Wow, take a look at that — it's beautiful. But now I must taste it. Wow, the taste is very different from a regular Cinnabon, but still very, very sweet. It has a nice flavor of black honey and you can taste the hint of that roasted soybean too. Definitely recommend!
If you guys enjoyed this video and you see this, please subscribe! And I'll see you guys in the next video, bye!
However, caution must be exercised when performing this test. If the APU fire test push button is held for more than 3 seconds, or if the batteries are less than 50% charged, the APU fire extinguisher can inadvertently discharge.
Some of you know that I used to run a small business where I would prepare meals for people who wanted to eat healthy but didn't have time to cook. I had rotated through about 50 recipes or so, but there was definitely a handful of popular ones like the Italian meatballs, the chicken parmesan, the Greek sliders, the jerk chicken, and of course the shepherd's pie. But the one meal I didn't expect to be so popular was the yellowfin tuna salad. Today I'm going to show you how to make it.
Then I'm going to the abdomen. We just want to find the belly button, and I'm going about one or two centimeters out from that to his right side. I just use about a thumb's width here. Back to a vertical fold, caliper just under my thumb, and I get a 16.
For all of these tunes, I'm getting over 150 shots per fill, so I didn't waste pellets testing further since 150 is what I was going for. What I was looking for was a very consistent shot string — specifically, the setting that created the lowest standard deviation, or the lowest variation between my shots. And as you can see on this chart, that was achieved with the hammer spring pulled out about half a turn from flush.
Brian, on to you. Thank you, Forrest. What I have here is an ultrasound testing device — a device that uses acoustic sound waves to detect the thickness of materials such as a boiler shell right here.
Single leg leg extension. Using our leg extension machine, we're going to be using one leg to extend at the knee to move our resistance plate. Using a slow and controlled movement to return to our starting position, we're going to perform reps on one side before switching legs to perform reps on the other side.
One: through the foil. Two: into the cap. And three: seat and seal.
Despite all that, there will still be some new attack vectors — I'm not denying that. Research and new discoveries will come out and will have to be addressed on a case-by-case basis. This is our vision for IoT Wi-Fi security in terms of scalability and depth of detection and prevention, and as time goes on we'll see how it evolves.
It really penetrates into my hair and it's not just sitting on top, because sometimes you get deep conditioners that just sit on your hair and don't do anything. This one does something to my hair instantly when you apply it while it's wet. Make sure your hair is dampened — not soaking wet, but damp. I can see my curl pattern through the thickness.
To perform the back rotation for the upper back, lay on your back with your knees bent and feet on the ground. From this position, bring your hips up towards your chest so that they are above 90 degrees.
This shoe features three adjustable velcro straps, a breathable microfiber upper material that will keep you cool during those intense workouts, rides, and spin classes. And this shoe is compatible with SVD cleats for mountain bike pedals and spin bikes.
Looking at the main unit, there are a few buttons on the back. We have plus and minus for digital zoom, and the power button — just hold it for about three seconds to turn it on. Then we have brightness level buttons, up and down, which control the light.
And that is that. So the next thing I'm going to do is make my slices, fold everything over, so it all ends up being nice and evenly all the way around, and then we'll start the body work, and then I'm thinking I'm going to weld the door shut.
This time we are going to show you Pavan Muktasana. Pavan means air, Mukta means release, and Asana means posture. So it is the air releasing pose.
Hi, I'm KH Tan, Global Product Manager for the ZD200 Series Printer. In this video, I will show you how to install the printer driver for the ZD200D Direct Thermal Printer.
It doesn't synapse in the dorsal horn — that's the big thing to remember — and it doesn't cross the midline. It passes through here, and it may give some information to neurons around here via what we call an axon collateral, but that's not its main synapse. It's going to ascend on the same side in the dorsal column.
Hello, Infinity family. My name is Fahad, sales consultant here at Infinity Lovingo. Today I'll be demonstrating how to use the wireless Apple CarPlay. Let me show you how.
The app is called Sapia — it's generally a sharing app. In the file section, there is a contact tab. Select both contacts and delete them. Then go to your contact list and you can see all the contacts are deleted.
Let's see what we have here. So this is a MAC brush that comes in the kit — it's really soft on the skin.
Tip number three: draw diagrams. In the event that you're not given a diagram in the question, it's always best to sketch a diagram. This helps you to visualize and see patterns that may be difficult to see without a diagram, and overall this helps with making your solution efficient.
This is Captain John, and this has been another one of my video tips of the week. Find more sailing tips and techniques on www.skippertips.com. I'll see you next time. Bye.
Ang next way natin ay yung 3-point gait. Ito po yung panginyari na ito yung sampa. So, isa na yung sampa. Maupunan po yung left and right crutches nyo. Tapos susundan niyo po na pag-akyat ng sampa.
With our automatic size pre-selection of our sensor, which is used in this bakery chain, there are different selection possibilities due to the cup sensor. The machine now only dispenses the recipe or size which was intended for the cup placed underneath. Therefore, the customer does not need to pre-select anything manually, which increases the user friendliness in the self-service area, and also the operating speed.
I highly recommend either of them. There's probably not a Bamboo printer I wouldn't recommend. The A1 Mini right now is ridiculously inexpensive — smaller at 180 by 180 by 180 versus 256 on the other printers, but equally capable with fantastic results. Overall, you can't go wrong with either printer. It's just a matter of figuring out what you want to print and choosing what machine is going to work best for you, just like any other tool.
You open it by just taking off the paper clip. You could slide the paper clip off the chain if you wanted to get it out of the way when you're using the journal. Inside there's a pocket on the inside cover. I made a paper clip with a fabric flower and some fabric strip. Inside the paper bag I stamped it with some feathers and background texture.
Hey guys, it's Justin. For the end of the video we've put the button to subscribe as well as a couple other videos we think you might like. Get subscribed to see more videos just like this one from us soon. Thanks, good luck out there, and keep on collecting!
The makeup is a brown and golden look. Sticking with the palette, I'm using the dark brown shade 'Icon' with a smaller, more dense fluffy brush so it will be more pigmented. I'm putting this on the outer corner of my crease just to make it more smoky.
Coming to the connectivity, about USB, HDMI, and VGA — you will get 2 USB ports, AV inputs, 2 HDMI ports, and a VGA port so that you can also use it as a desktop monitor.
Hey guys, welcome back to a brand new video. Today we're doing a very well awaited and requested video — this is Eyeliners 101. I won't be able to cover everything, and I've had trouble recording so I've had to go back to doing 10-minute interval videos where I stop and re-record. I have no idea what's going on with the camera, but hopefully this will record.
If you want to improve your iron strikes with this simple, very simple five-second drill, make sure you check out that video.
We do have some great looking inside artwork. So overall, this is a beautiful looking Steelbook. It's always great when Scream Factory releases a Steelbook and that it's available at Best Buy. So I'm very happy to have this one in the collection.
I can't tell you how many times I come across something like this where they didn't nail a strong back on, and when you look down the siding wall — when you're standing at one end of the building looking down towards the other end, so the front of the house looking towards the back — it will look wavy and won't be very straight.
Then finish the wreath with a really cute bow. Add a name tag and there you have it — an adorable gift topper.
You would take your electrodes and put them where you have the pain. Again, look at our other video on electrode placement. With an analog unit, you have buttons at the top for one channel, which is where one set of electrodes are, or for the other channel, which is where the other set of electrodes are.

Your assignment ->
The answer consists of every entry, returned exactly.

Answer box ->
Wow, take a look at that — it's beautiful. But now I must taste it. Wow, the taste is very different from a regular Cinnabon, but still very, very sweet. It has a nice flavor of black honey and you can taste the hint of that roasted soybean too. Definitely recommend!
If you guys enjoyed this video and you see this, please subscribe! And I'll see you guys in the next video, bye!
However, caution must be exercised when performing this test. If the APU fire test push button is held for more than 3 seconds, or if the batteries are less than 50% charged, the APU fire extinguisher can inadvertently discharge.
Some of you know that I used to run a small business where I would prepare meals for people who wanted to eat healthy but didn't have time to cook. I had rotated through about 50 recipes or so, but there was definitely a handful of popular ones like the Italian meatballs, the chicken parmesan, the Greek sliders, the jerk chicken, and of course the shepherd's pie. But the one meal I didn't expect to be so popular was the yellowfin tuna salad. Today I'm going to show you how to make it.
Then I'm going to the abdomen. We just want to find the belly button, and I'm going about one or two centimeters out from that to his right side. I just use about a thumb's width here. Back to a vertical fold, caliper just under my thumb, and I get a 16.
For all of these tunes, I'm getting over 150 shots per fill, so I didn't waste pellets testing further since 150 is what I was going for. What I was looking for was a very consistent shot string — specifically, the setting that created the lowest standard deviation, or the lowest variation between my shots. And as you can see on this chart, that was achieved with the hammer spring pulled out about half a turn from flush.
Brian, on to you. Thank you, Forrest. What I have here is an ultrasound testing device — a device that uses acoustic sound waves to detect the thickness of materials such as a boiler shell right here.
Single leg leg extension. Using our leg extension machine, we're going to be using one leg to extend at the knee to move our resistance plate. Using a slow and controlled movement to return to our starting position, we're going to perform reps on one side before switching legs to perform reps on the other side.
One: through the foil. Two: into the cap. And three: seat and seal.
Despite all that, there will still be some new attack vectors — I'm not denying that. Research and new discoveries will come out and will have to be addressed on a case-by-case basis. This is our vision for IoT Wi-Fi security in terms of scalability and depth of detection and prevention, and as time goes on we'll see how it evolves.
It really penetrates into my hair and it's not just sitting on top, because sometimes you get deep conditioners that just sit on your hair and don't do anything. This one does something to my hair instantly when you apply it while it's wet. Make sure your hair is dampened — not soaking wet, but damp. I can see my curl pattern through the thickness.
To perform the back rotation for the upper back, lay on your back with your knees bent and feet on the ground. From this position, bring your hips up towards your chest so that they are above 90 degrees.
This shoe features three adjustable velcro straps, a breathable microfiber upper material that will keep you cool during those intense workouts, rides, and spin classes. And this shoe is compatible with SVD cleats for mountain bike pedals and spin bikes.
Looking at the main unit, there are a few buttons on the back. We have plus and minus for digital zoom, and the power button — just hold it for about three seconds to turn it on. Then we have brightness level buttons, up and down, which control the light.
And that is that. So the next thing I'm going to do is make my slices, fold everything over, so it all ends up being nice and evenly all the way around, and then we'll start the body work, and then I'm thinking I'm going to weld the door shut.
This time we are going to show you Pavan Muktasana. Pavan means air, Mukta means release, and Asana means posture. So it is the air releasing pose.
Hi, I'm KH Tan, Global Product Manager for the ZD200 Series Printer. In this video, I will show you how to install the printer driver for the ZD200D Direct Thermal Printer.
It doesn't synapse in the dorsal horn — that's the big thing to remember — and it doesn't cross the midline. It passes through here, and it may give some information to neurons around here via what we call an axon collateral, but that's not its main synapse. It's going to ascend on the same side in the dorsal column.
Hello, Infinity family. My name is Fahad, sales consultant here at Infinity Lovingo. Today I'll be demonstrating how to use the wireless Apple CarPlay. Let me show you how.
The app is called Sapia — it's generally a sharing app. In the file section, there is a contact tab. Select both contacts and delete them. Then go to your contact list and you can see all the contacts are deleted.
Let's see what we have here. So this is a MAC brush that comes in the kit — it's really soft on the skin.
Tip number three: draw diagrams. In the event that you're not given a diagram in the question, it's always best to sketch a diagram. This helps you to visualize and see patterns that may be difficult to see without a diagram, and overall this helps with making your solution efficient.
This is Captain John, and this has been another one of my video tips of the week. Find more sailing tips and techniques on www.skippertips.com. I'll see you next time. Bye.
Ang next way natin ay yung 3-point gait. Ito po yung panginyari na ito yung sampa. So, isa na yung sampa. Maupunan po yung left and right crutches nyo. Tapos susundan niyo po na pag-akyat ng sampa.
With our automatic size pre-selection of our sensor, which is used in this bakery chain, there are different selection possibilities due to the cup sensor. The machine now only dispenses the recipe or size which was intended for the cup placed underneath. Therefore, the customer does not need to pre-select anything manually, which increases the user friendliness in the self-service area, and also the operating speed.
I highly recommend either of them. There's probably not a Bamboo printer I wouldn't recommend. The A1 Mini right now is ridiculously inexpensive — smaller at 180 by 180 by 180 versus 256 on the other printers, but equally capable with fantastic results. Overall, you can't go wrong with either printer. It's just a matter of figuring out what you want to print and choosing what machine is going to work best for you, just like any other tool.
You open it by just taking off the paper clip. You could slide the paper clip off the chain if you wanted to get it out of the way when you're using the journal. Inside there's a pocket on the inside cover. I made a paper clip with a fabric flower and some fabric strip. Inside the paper bag I stamped it with some feathers and background texture.
Hey guys, it's Justin. For the end of the video we've put the button to subscribe as well as a couple other videos we think you might like. Get subscribed to see more videos just like this one from us soon. Thanks, good luck out there, and keep on collecting!
The makeup is a brown and golden look. Sticking with the palette, I'm using the dark brown shade 'Icon' with a smaller, more dense fluffy brush so it will be more pigmented. I'm putting this on the outer corner of my crease just to make it more smoky.
Coming to the connectivity, about USB, HDMI, and VGA — you will get 2 USB ports, AV inputs, 2 HDMI ports, and a VGA port so that you can also use it as a desktop monitor.
Hey guys, welcome back to a brand new video. Today we're doing a very well awaited and requested video — this is Eyeliners 101. I won't be able to cover everything, and I've had trouble recording so I've had to go back to doing 10-minute interval videos where I stop and re-record. I have no idea what's going on with the camera, but hopefully this will record.
If you want to improve your iron strikes with this simple, very simple five-second drill, make sure you check out that video.
We do have some great looking inside artwork. So overall, this is a beautiful looking Steelbook. It's always great when Scream Factory releases a Steelbook and that it's available at Best Buy. So I'm very happy to have this one in the collection.
I can't tell you how many times I come across something like this where they didn't nail a strong back on, and when you look down the siding wall — when you're standing at one end of the building looking down towards the other end, so the front of the house looking towards the back — it will look wavy and won't be very straight.
Then finish the wreath with a really cute bow. Add a name tag and there you have it — an adorable gift topper.
You would take your electrodes and put them where you have the pain. Again, look at our other video on electrode placement. With an analog unit, you have buttons at the top for one channel, which is where one set of electrodes are, or for the other channel, which is where the other set of electrodes are.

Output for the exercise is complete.